Here you can read some of our older posts about Midsummer, more about the traditional food etc: Midsummer flower power love with some photos and the Thursday Thirteen Midsummer facts.

Lifecruiser Midsummer


12 Comments on “Happy Midsummer Stockholm”

    Maribeth said:

    I would love to be celebrating the start of summer. But, all we have had is cold, rain and gloomy skies! Where is summer?


    What fun for you to celebrate the beginning of summer. I so love the warm weather months.

    Have a terrific time. :)


    When I was living in NYC I heard about this popular celebration. And I always wanted to be there for it, now I get to, through you:)

    DianeCA said:

    We are celebrating midtsommernatt in Sweden this year. The weather did not cooperate very much but it is still paradise for us!!

    » Midsummer Eve Esther Garvi: aka Ishtar News said:

    [...] PS: If you want to know what Midsummer in Sweden is all about, fellow (Swedish) blogger Lifecruiser has an informative post about it today.
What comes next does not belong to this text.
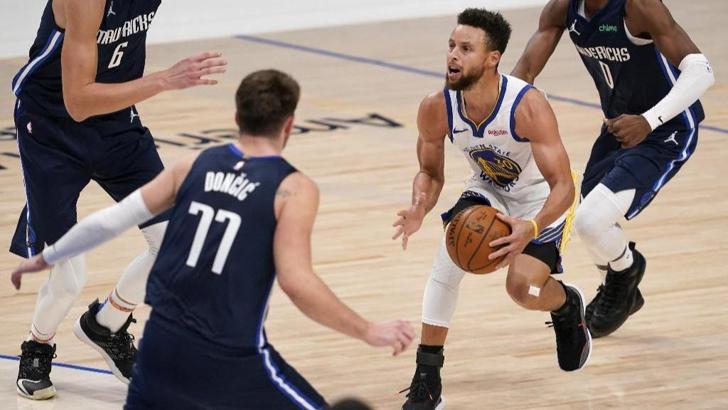 Stephen Curry'nin Dallas karşısındaki 57 sayısı Golden State'e yetmedi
You find the link here. [...]

    Esther Garvi said:

    Loved the post! (linked to it!)
    Warm greetings from Falkenberg,

    TorAa said:

    I really hope the climate was better in Stockholm than last night here in our Summerhouse – 10 C. brrrr. Nothing for persons with back pains;-))

    In Oslo yesterday evening was a free pop concert with more than 100.000 spectactors in front of the City Hall. Among the artists was A-ha and the winner of this years Euro Song Contest Alexander Rybak.
    We watched it on TV.

    Puss in Boots said:

    It’s our Winter Solstice this weekend, the shortest day of the year. Over the next few weeks the days will imperceptibly lengthen for the next six months, bringing us to the Summer Solstice in December.

    Now you see why we feel as if we’re upside down in the world.

    Luc said:

    Have a great celebration. I know someone who’ on vacation in Sweden right now. Apparently you’ve had quite some temperature drop few weeks ago.

    Charles Ravndal said:

    I am also excited to attend a Midsummer Nights festival. I hope they will have that in Fredrikstad since I am spending a week there with Odd starting next week.

    RennyBA said:

    Interesting and informative post about your Midsummer celebration. You know we where in Sweden this weekend so I had to make a post about this summer solstice phenomena too – with my personal twist of course.

    Even if the reason is the same, the thousands of year back pagan tradition of celebrating the longest day (19 hours of daylight in Stockholm as well as Oslo), it strikes me how different we celebrate it in Norway compared to Sweden. We do this bone fire thing at St. Hans day (23rd of June), while you have Midsummer Eve and this may pole. I like your tradition even more also because of your dancing and folk costumes that day (a bit similar to our 17th of May in that way). I have to dig into this differences of celebration one day :-)


    Haha, I love Midsummer – and Stockholm!